■ WORK REQUEST ■
Retype the data in its entirety, with no word changed.

Extracted data entries:
# # # # #
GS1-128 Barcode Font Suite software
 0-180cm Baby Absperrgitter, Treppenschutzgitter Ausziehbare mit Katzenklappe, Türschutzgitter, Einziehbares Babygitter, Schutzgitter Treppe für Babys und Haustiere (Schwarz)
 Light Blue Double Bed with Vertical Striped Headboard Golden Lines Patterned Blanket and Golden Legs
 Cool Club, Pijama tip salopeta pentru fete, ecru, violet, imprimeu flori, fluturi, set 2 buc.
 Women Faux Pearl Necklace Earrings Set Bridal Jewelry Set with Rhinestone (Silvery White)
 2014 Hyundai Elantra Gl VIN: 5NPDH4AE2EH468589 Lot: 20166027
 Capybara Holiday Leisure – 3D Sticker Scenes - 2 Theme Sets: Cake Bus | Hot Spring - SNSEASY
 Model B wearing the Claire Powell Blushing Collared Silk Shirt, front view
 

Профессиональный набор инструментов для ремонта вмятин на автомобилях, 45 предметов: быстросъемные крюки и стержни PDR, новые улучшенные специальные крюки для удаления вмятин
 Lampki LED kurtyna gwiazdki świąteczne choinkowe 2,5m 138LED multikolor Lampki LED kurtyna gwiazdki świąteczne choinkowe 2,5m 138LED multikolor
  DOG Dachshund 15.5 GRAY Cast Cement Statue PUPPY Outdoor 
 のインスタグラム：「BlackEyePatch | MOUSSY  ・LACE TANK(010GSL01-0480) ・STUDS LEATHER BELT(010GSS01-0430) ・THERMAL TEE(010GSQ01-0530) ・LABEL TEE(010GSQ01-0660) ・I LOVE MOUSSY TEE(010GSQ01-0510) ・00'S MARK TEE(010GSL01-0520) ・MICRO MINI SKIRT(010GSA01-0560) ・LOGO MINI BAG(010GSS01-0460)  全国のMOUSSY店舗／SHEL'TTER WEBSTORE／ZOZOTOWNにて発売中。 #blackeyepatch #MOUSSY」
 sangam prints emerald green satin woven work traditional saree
# # # # #
■ EXERCISE RESPONSE ■
GS1-128 Barcode Font Suite software
 0-180cm Baby Absperrgitter, Treppenschutzgitter Ausziehbare mit Katzenklappe, Türschutzgitter, Einziehbares Babygitter, Schutzgitter Treppe für Babys und Haustiere (Schwarz)
 Light Blue Double Bed with Vertical Striped Headboard Golden Lines Patterned Blanket and Golden Legs
 Cool Club, Pijama tip salopeta pentru fete, ecru, violet, imprimeu flori, fluturi, set 2 buc.
 Women Faux Pearl Necklace Earrings Set Bridal Jewelry Set with Rhinestone (Silvery White)
 2014 Hyundai Elantra Gl VIN: 5NPDH4AE2EH468589 Lot: 20166027
 Capybara Holiday Leisure – 3D Sticker Scenes - 2 Theme Sets: Cake Bus | Hot Spring - SNSEASY
 Model B wearing the Claire Powell Blushing Collared Silk Shirt, front view
 

Профессиональный набор инструментов для ремонта вмятин на автомобилях, 45 предметов: быстросъемные крюки и стержни PDR, новые улучшенные специальные крюки для удаления вмятин
 Lampki LED kurtyna gwiazdki świąteczne choinkowe 2,5m 138LED multikolor Lampki LED kurtyna gwiazdki świąteczne choinkowe 2,5m 138LED multikolor
  DOG Dachshund 15.5 GRAY Cast Cement Statue PUPPY Outdoor 
 のインスタグラム：「BlackEyePatch | MOUSSY  ・LACE TANK(010GSL01-0480) ・STUDS LEATHER BELT(010GSS01-0430) ・THERMAL TEE(010GSQ01-0530) ・LABEL TEE(010GSQ01-0660) ・I LOVE MOUSSY TEE(010GSQ01-0510) ・00'S MARK TEE(010GSL01-0520) ・MICRO MINI SKIRT(010GSA01-0560) ・LOGO MINI BAG(010GSS01-0460)  全国のMOUSSY店舗／SHEL'TTER WEBSTORE／ZOZOTOWNにて発売中。 #blackeyepatch #MOUSSY」
 sangam prints emerald green satin woven work traditional saree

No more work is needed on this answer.